Clothing and accessories: Wear comfortable and loose-fitting clothing and try not to wear outfits with metal zippers and buttons. The lab practitioner will ask you to remove all metallic objects from your pockets, including – change, keys, etc., before the test.

What to expect?

The lab technician will focus on the problem areas where the bones are more susceptible to fractures. It includes the following –

  • Lumbar vertebrae (lower portion of the spinal cord)
  • Peripheral bones (bones in the forearm, wrist, fingers)
  • The femur (the longest bone of the human thigh, extending to the knee from the hip)

If you are taking the bone density test at a medical facility, your doctor will perform it on the central device. You will have to lie on a cushioned platform during the procedure while a mechanical device will move over your body doing the scan. It takes around 10 to 30 minutes to complete the bone density testing procedure. And, it exposes you to a much lower amount of radiation in comparison to chest X-ray.

If you are to take the test for evaluating the peripheral bones, compact and portable machines, the peripheral devices, will be used, which is usually present in drug stores. Peripheral tests are less expensive than the central device tests.

Bone density is likely to differ from one part of your body to the other. Also, the measurement of bone mineral density from your spine is more an accurate indicator of fracture risks than your heel’s measure of bone mineral density.
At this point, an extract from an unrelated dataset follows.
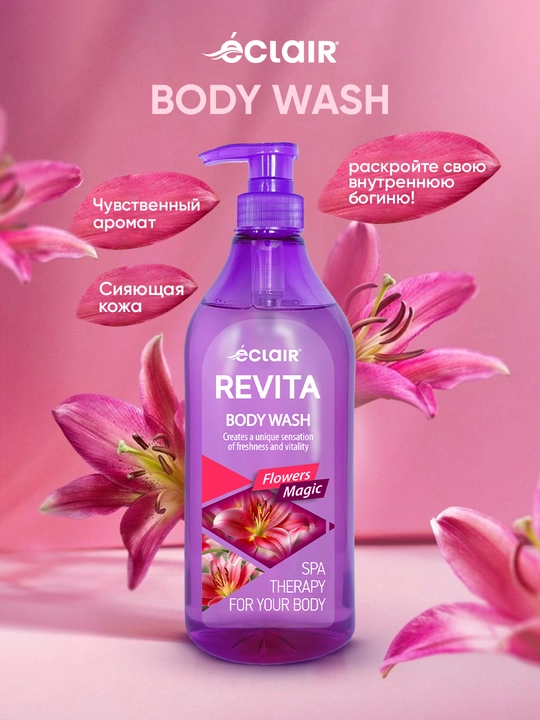 Dush uchun "REVITA FLOWER MAGIC" gullar sehri geli, 730 ml -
Therefore, to confirm that you have osteoporosis, your doctor will recommend a spine scan using central devices, if your peripheral test comes positive.

What does the result mean?

There are two numbers in which your doctor will report your test results – T-score and Z-score.

T-Score

T-score is your bone density compared to the expected range in healthy adults of your age and sex. The number of standard deviations (units) shows if your bone density is below or above the standard range. Here is a table for your reference –

T-Score Inference
-1 or above It means your bone density is normal.
-1 to -2.5 It shows that your bone density is below normal, an indication of osteopenia that may lead to osteoporosis.
-2.5 and below It indicates osteoporosis.

Z-Score

The Z-score indicates the number of standard deviations (units) below or above the average for people of your sex, age, weight, or racial origin. In case your Z-score is considerably lower or higher than the expected score, it is more likely to indicate other underlying condition(s) leading to abnormal loss of bone apart from ageing. In such scenarios, your doctor will try to identify the problem and treat it to lower or stop the bone loss.

FAQ

  1. How frequently should you take the bone density test?

If you have osteoporosis and are under treatment, your doctor might ask you to go for the test every 1 or 2 years. If you are not suffering from this bone condition, your doctor might also recommend the test to you every 2-years, especially if you are a woman in her menopause state or post-menopause.

  1. The more calcium and other minerals in your bone, the better. Is it true?

Yes, more calcium and other minerals ensure that your bone density is good and strong bones. The bone density test identifies if or not your bones appear denser through the X-ray. The denser/thicker, the better, because denser bones mean adequate amounts of calcium and minerals are present.